Copy out the lines beginning at the one with "Vegan pea &" and ending at the last line of the data, both included; pictures stay out.

Data excerpt START

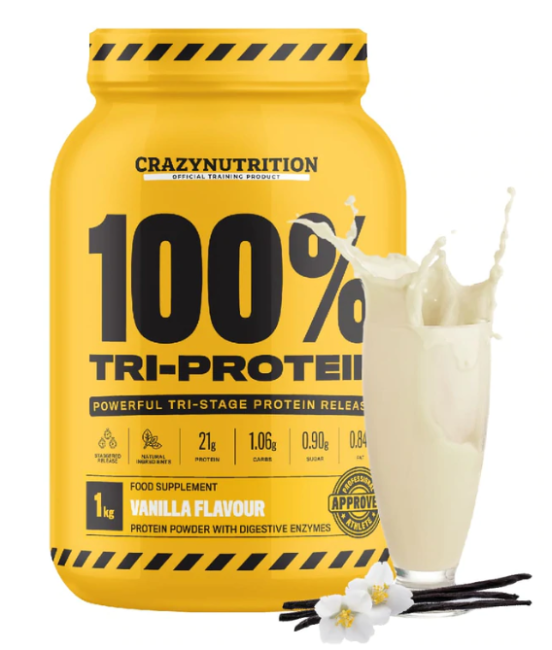 100% tri-protein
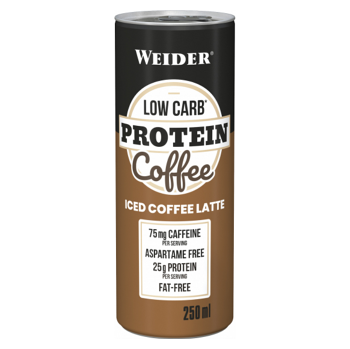 WEIDER Low Carb Protein Coffee Latte proteinová káva 250 ml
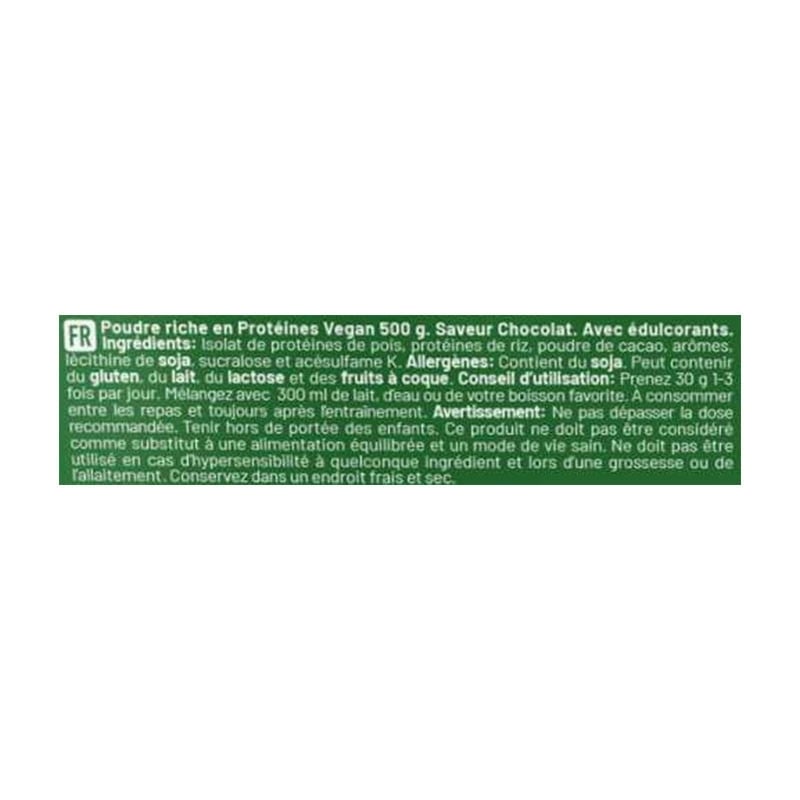 Vegan pea & rice protein - Zumub | Le Sport Discount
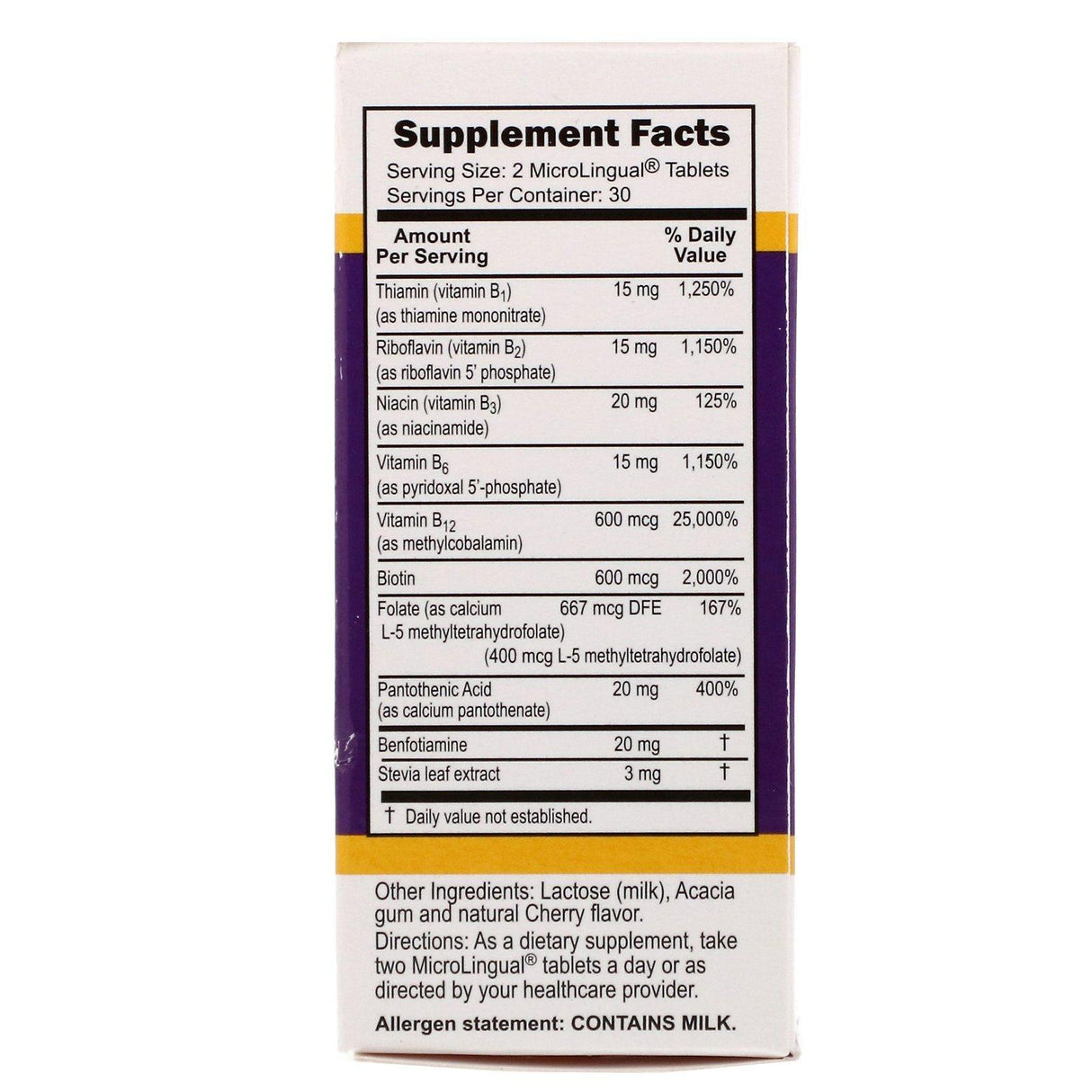 Superior Source, CoEnzyme B Complex, 60 Instant Dissolve Tablets - Supply Center USA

Data excerpt END

- **Solution for this exercise**:
 Vegan pea & rice protein - Zumub | Le Sport Discount
 Superior Source, CoEnzyme B Complex, 60 Instant Dissolve Tablets - Supply Center USA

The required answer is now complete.